Il est possible que la solution soit là, que les résultats seraient sans doute meilleurs et que les déprimes des enseignants qui n’ont qu’envie d’aller ailleurs et de respirer ne se poseraient pas de la même manière.

S’agissant des adversaires éducatifs, question qui a été posée par mon collègue, et de ces écoles en ZEP, que pensez-vous du fait (vous n’avez pas évoqué la problématique parce qu’elle est peut-être évidente à vos yeux) qu’elles sont situées dans des quartiers difficiles ? Je pense à certaines expériences conduites aux États-unis où, à chaque fois que l’on a pu extraire des enfants pauvres, scolarisés dans une école pauvre, vivant dans un quartier où il n’y a que des pauvres, pour les mettre dans un quartier plus favorisé, on est arrivé à des résultats spectaculaires.

Je pense à une expérience que vous devez connaître par coeur : 130 enfants de 4 et 5 ans séparés en deux groupes : un groupe témoin qui continue de vivre sa vie et l’autre dont les enfants sont scolarisés avec non pas trois mais quatre adultes par classe pendant deux ans, ces adultes enseignants ayant chaque semaine un contact avec la famille des enfants avec laquelle ils expliquent ce qui s’est passé avec l’enfant dans la semaine et ce qu’eux, les parents défavorisés, peuvent faire avec leurs enfants.
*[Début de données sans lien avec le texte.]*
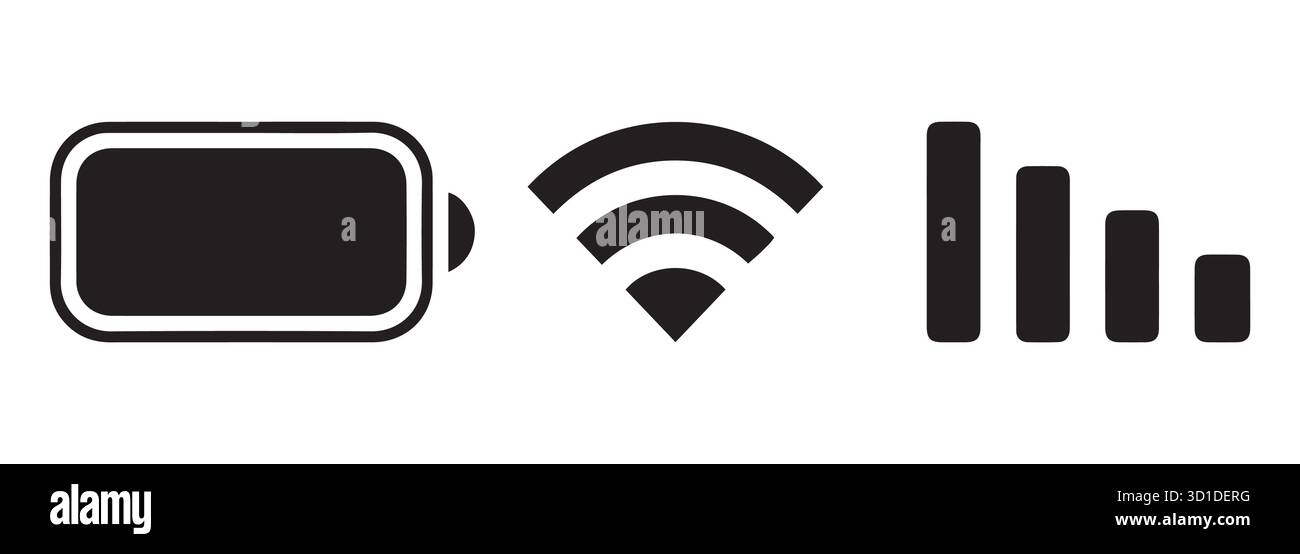 Icone di stato del dispositivo. Batteria, Wi-Fi e set di vettori di segnale cellulare. Illustrazione Vettoriale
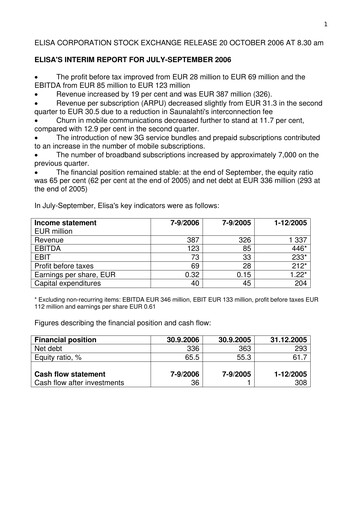 Thumbnail Elisa
 Quarterly Report 2006-q3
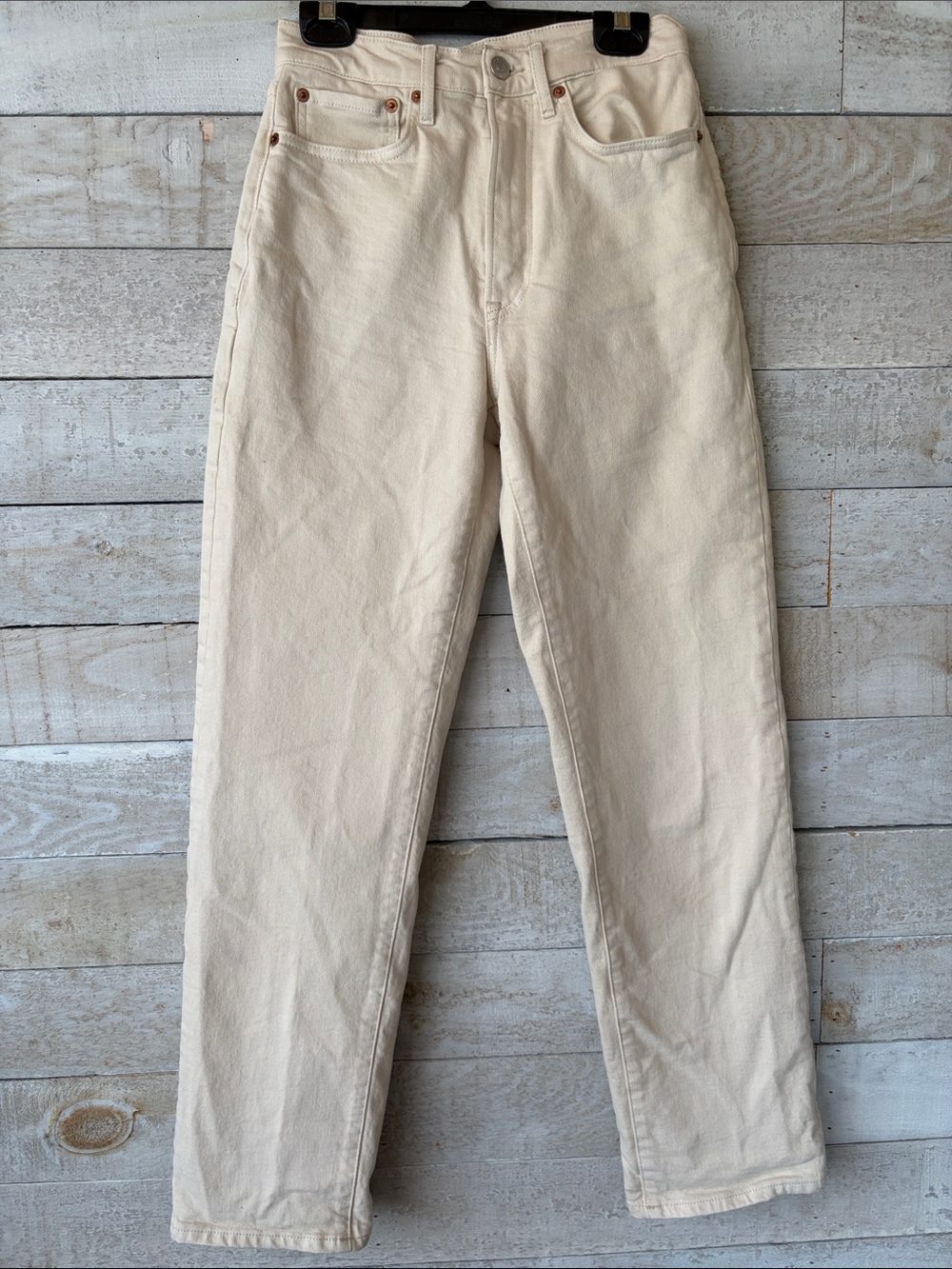 Buck Mason Natural Stretch Ridge Twill Rider High Rise Straight Jeans - Picture 2 of 7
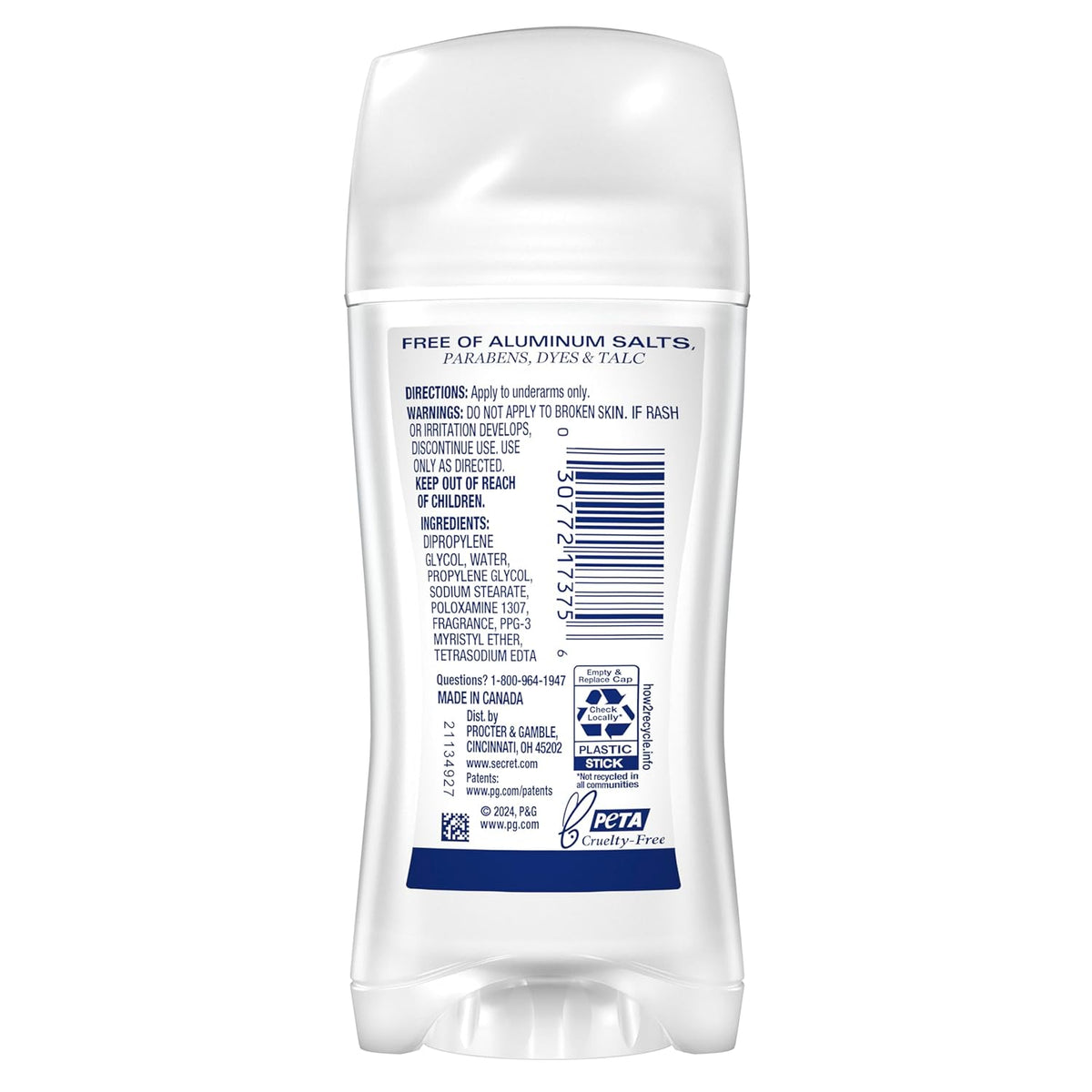 Secret Aluminum Free Clear Solid Deodorant – Capsule Bathroom Pick, 48hr Protection in One Stick, 2.4 oz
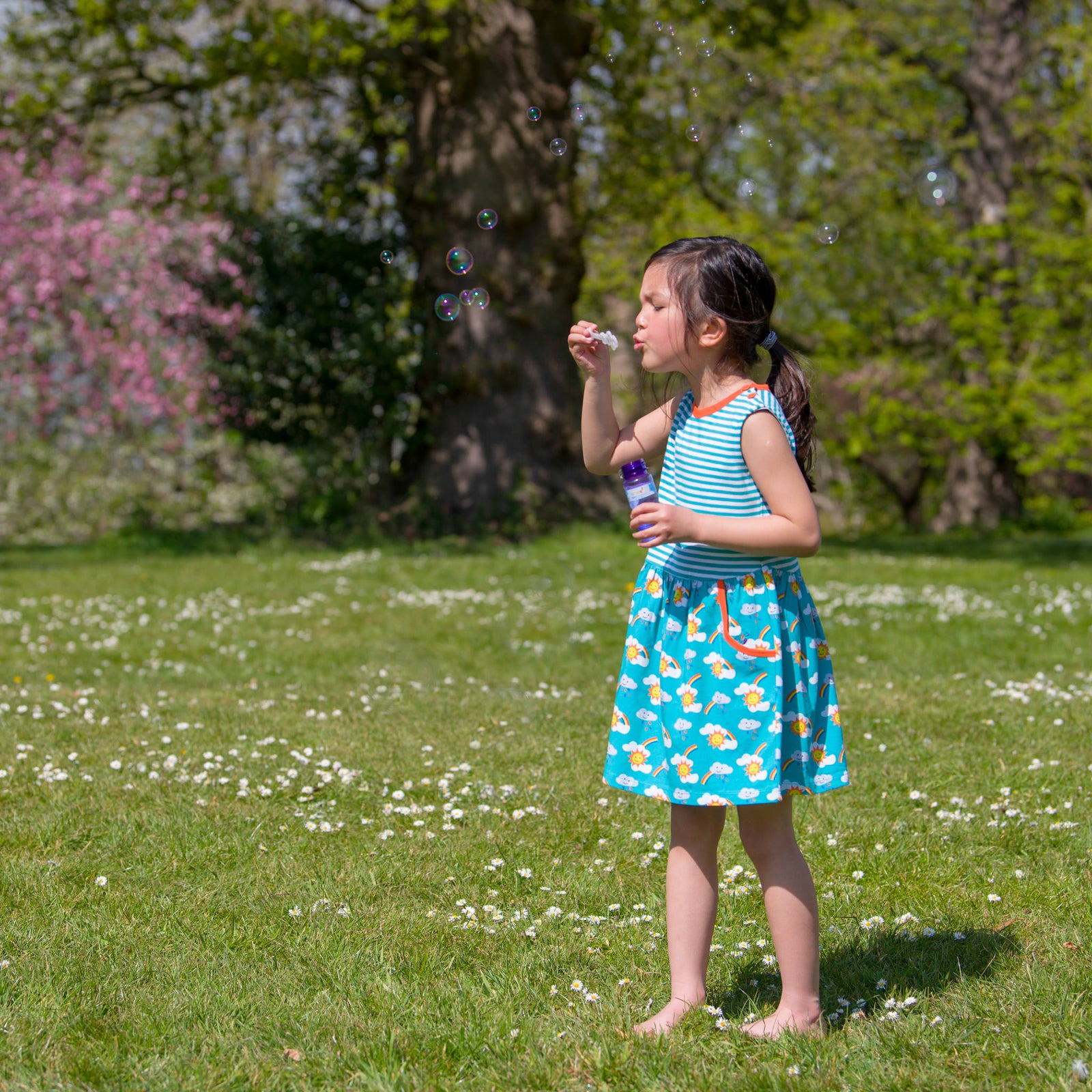 Organic Cotton Kids Dress With Pockets Rainbow Print Ducky Zebra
En l’occurrence, il s’agissait d’enfants noirs de 4 ou 5 ans vivant dans des quartiers pauvres. Ces enfants ont maintenant 27 ou 28 ans. Les trois quarts des enfants du premier groupe sont en prison avec au moins cinq condamnations et peu travaillent alors que, parmi ceux du groupe qui a été pris en charge de la manière que j’ai évoquée, deux sont en prison mais les autres travaillent et gagnent tous un minimum de 2 000 dollars par mois.
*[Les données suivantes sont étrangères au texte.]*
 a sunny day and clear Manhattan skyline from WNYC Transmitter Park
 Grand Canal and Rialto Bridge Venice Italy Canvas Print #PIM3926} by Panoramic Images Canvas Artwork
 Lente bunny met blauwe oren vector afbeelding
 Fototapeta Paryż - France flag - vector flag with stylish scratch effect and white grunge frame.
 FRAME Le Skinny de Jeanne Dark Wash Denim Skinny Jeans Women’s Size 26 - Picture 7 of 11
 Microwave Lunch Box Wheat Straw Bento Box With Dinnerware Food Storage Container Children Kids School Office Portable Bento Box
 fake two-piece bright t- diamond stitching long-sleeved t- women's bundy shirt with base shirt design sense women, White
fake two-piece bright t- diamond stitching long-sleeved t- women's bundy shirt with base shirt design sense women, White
Que pensez-vous de ces problèmes et de l’influence du quartier ? La solution ne serait-elle pas d’extraire un peu ces enfants de leur quartier ? On retombe sur le problème de la carte scolaire parce que, finalement, c’est le nivellement par le bas et tout le monde s’entraîne vers le fond. J’ai envie de vous interroger là-dessus : comment consacrer de vrais moyens aux quartiers et aux écoles qui en ont vraiment besoin ? Vous pouvez nous répondre, mais il restera à voter cela, à donner l’argent et à décider. J’aimerais avoir votre position sur ce point de façon théorique.